Input data START
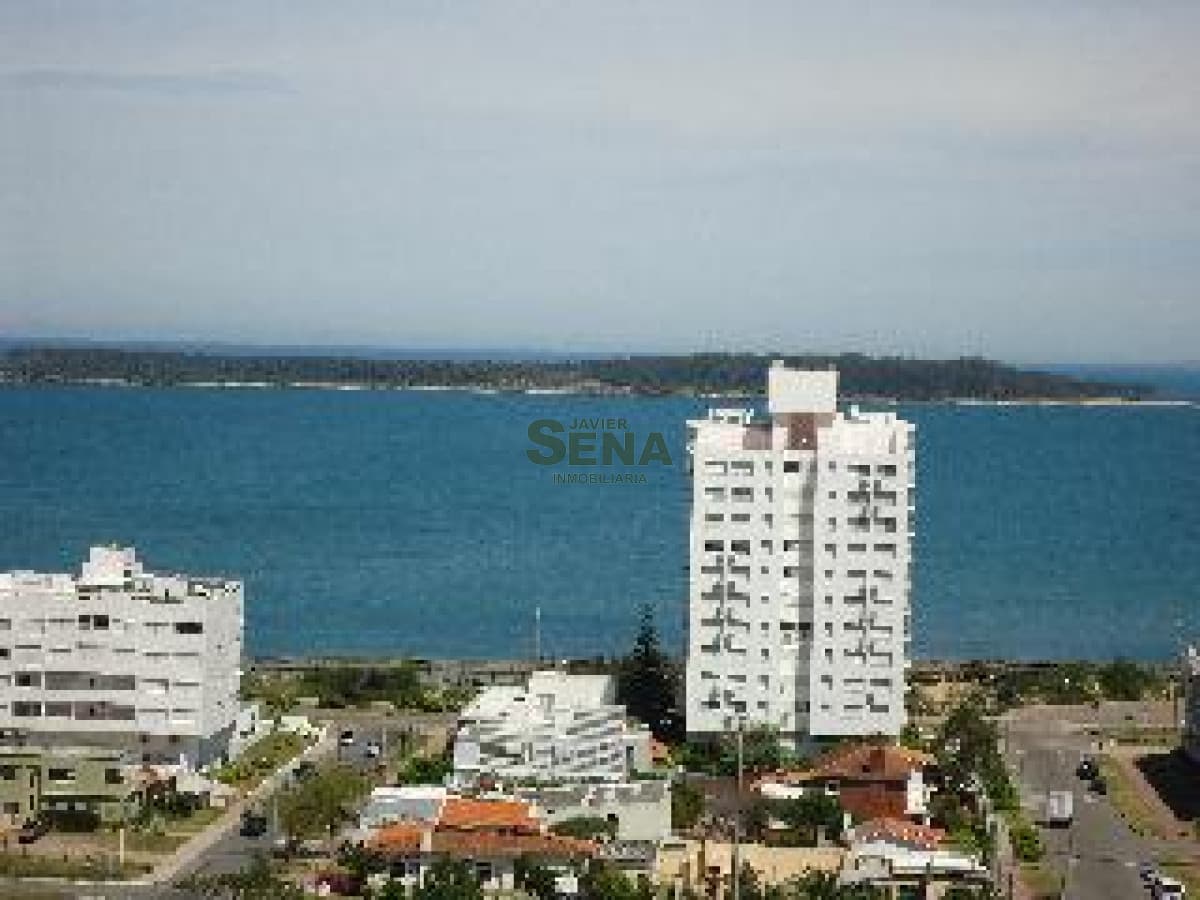 Venta y alquiler Brava, 1 dormitorio y medio,  baño, terraza, buena vista, piscina..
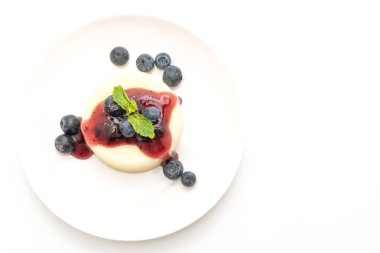 Beyaz arka plan üzerinde izole taze yaban mersini ile yoğurt puding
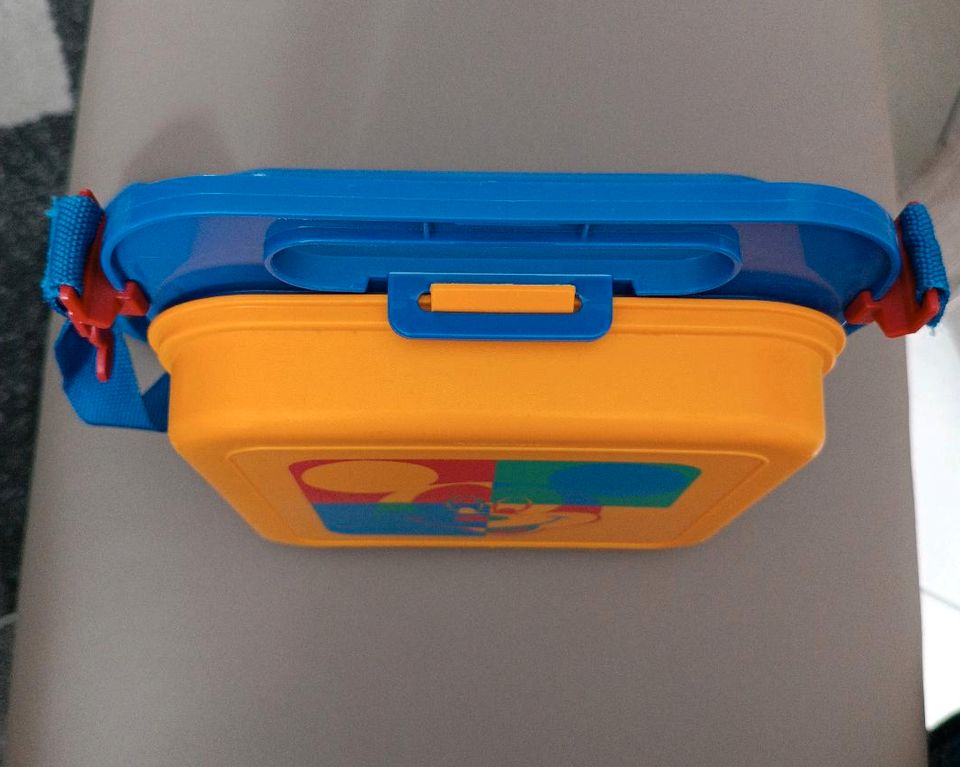 Kinder Mickey Maus Dose und Tasche in einem von Tupperware in Heek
Input data END
• _Required work_
Could you set down the material above word for word while dropping its pictures?

• _Task solution_
 Venta y alquiler Brava, 1 dormitorio y medio,  baño, terraza, buena vista, piscina..
 Beyaz arka plan üzerinde izole taze yaban mersini ile yoğurt puding
 Kinder Mickey Maus Dose und Tasche in einem von Tupperware in Heek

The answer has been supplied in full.